» Brief
Repeat only the lines between the one with "an outdoor patio" and the end of the material below, both ends included. Omit any picture.

» Recorded information

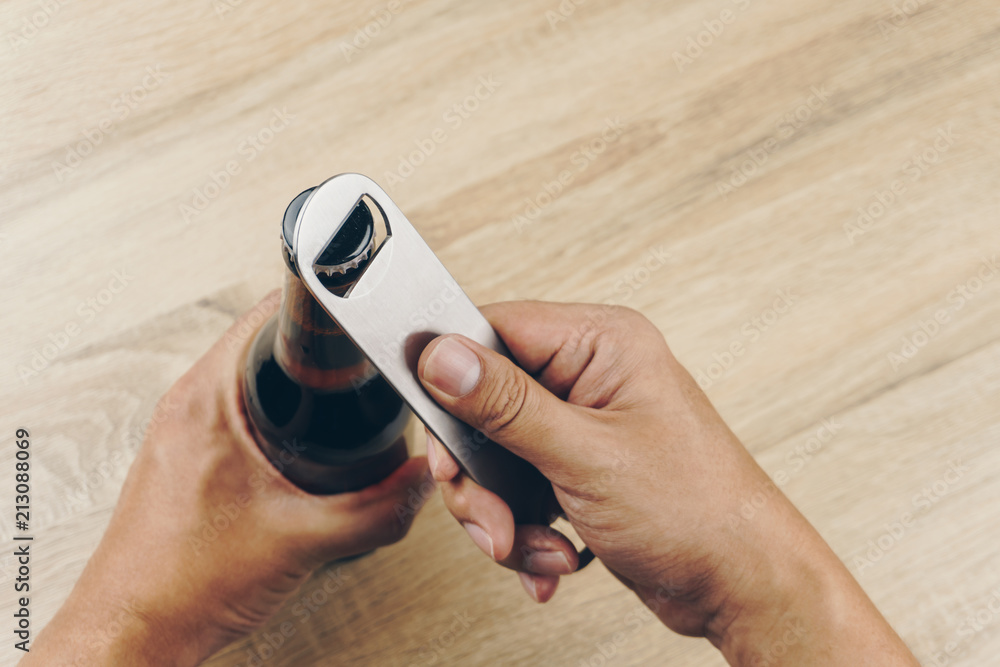 close up hand using a stainless steel bottle opener or bar blade to open a bottle of beer - obrazy, fototapety, plakaty 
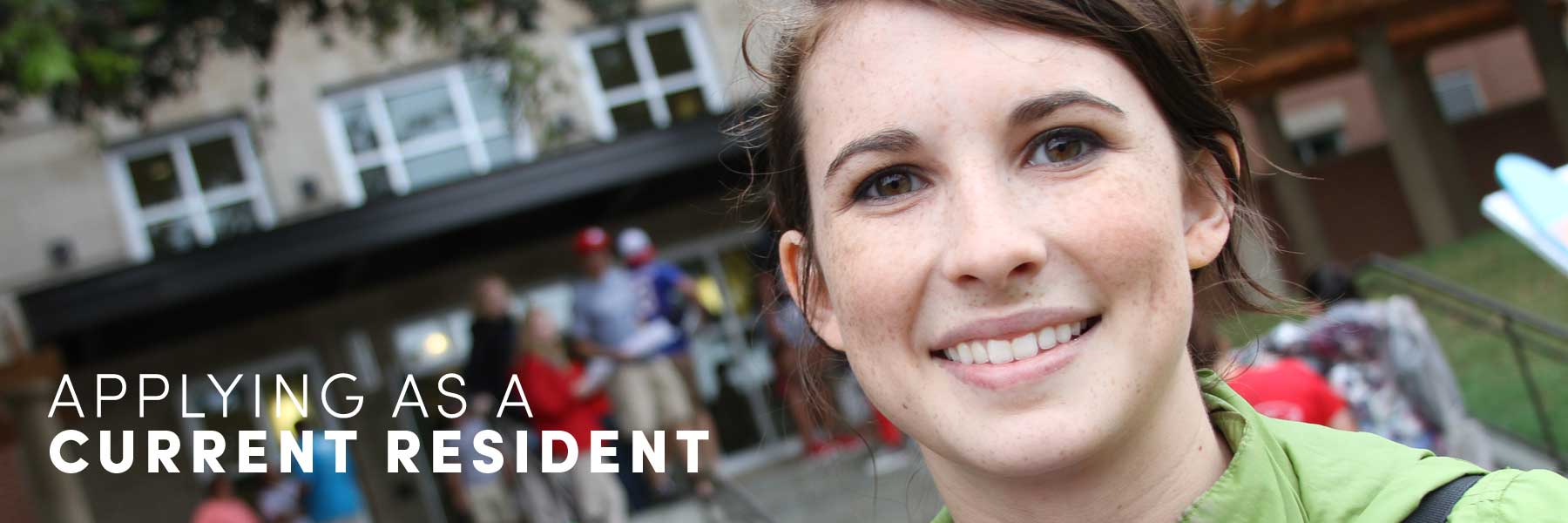 Student smiling in front of dorms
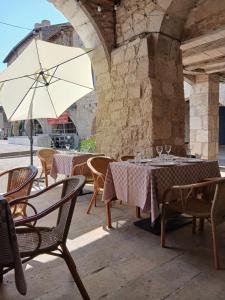 an outdoor patio with tables and chairs and an umbrella at au coin perdu in Lauzerte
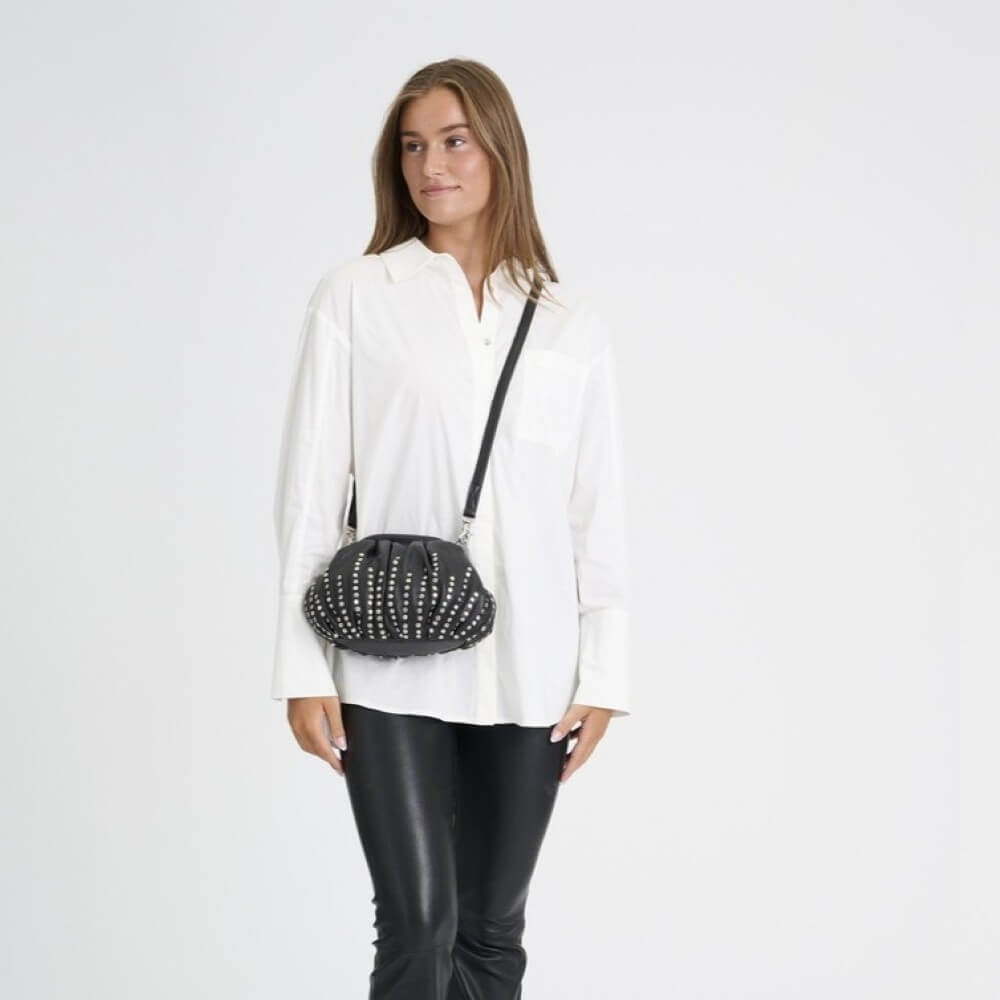 A woman wearing a white button-down shirt and black pants models a Depeche black studded crossbody bag with a thin black strap against a plain white studio background.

» Expected answer
 an outdoor patio with tables and chairs and an umbrella at au coin perdu in Lauzerte
 A woman wearing a white button-down shirt and black pants models a Depeche black studded crossbody bag with a thin black strap against a plain white studio background.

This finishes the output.